Proof of the holonomy principle for $1$-forms

Question

Let $M^n$ be a Riemannian manifold with a connection $\nabla$. For a fixed $x\in M$, we define $H:=\text{Hol}_x(\nabla)$ and identify $T_xM\equiv \mathbb{R}^n$. The Holonomy Principle states that:

there is a bijective correspondence between $H$-invariant tensors on $\mathbb{R}^n$ and parallel tensor fields on $M$.

I wasn't able to find any proof I could understand, mainly because of the tensor/bundle dialect, which is still very obscure to me.

I wonder if there is an elementary proof for a particular case, which would shed light on the general idea. For example, if the tensors are $1$-forms, I would have to prove that:

if $\omega_0\in (\mathbb{R}^n)^*$ is $H$-invariant, then there exists $\omega\in\Gamma(TM^*)$ with $\nabla \omega=0$ and $\omega_x=\omega_0$. Conversely, if $\nabla\omega=0$, then $\omega_x$ is $H$-invariant.

Any suggestions?

Answer 1

Constructing $\omega$ from $\omega_0$ is straightforward. We'll need $M$ to be connected though.

For any piecewise smooth path $\gamma : [0,1]\to M$, starting at $x$ and ending at $y$, the parallel transport map $P_\gamma : T_xM\to T_yM$ is an isomorphism of the tangent spaces at $x$ and $y$. Then for any other path $\gamma'$ from $x$ to $y$, if $v\in T_x$, we can produce both the vector $P_\gamma v$ and $P_{\gamma'}v$ in $T_yM$. In order to get a single well defined vector in $T_yM$, these had better be equal.

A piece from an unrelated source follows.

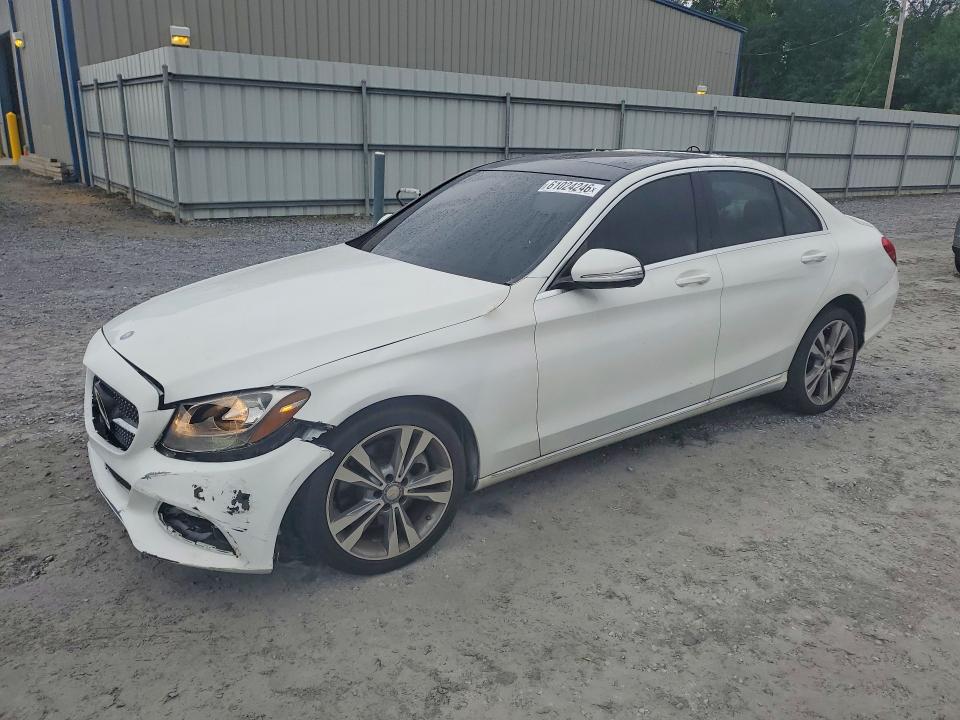 61024246 :رقم المزاد ، 55SWF4KB3FU076318 vin ، 2015 Mercedes-benz C مزاد بيع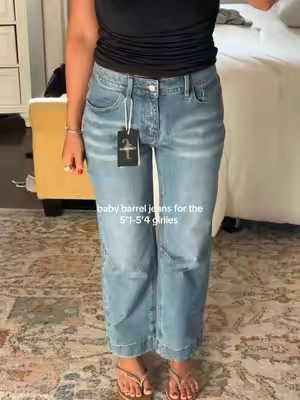 when I don’t have to hem my jeans!!!🥹 size 4 in color ‘mid blue’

The condition that $$P_\gamma v = P_{\gamma'}v$$ is equivalent to $$P_{\gamma'}^{-1}P_{\gamma}v=v,$$ but $$P_{\gamma'}^{-1} = P_{\bar{\gamma}'},$$ where $\bar{\gamma}'$ denotes the reverse path of $\gamma$. Thus $P_{\gamma'}^{-1}P_\gamma v= P_{\bar{\gamma}'\cdot\gamma}v$, where $\cdot$ denotes concatenation of paths. But $P_{\bar{\gamma}'\cdot\gamma}\in H$. Thus we can uniquely parallel transport a vector $v\in T_xM$ to any other point $y$ in $M$ as long as $v$ is invariant under $H$. An identical argument shows that this is true for any other sort of tensor as well.

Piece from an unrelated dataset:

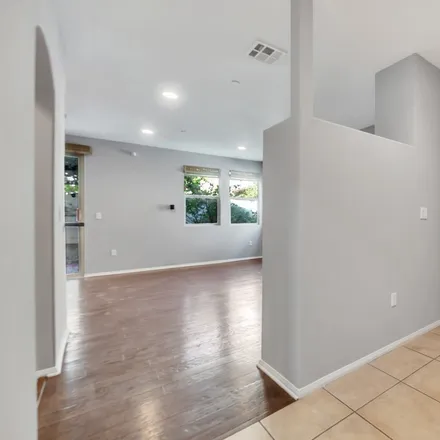 Image 7 - 9352 Condor Court, Los Angeles, CA 91331, USA - House for sale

To be precise. If $v\in T_xM$ is a vector invariant under the action of $H$, then we can extend it to a parallel vector field on $M$, $V$ by defining $V_y = P_\gamma v$, where $\gamma$ is any piecewise smooth path from $x$ to $y$. The same is true for any $H$-invariant tensor at $x$.

For the converse, we'll also stick to vector fields, since everything generalizes identically to tensor fields.

Conversely, suppose we are given a parallel vector field $V$. Let $\gamma$ be a loop at $x$. Since $V$ is parallel, $V|_{\gamma}$ is a parallel vector field on $\gamma$. However $V_x=V_{\gamma(1)}=V_{\gamma(0)}=P_{\gamma}V_{\gamma(0)} = P_{\gamma}V_x$ by definition of the parallel transport map. Thus $V_x$ must be invariant under $P_\gamma$ for any loop $\gamma$ based at $x$. In other words $V_x$ is invariant under the holonomy action.

Edit

To prove this for $1$-forms, the following lemma will be helpful, which basically says that parallel transport of $1$-forms agrees with parallel transport of tangent vectors.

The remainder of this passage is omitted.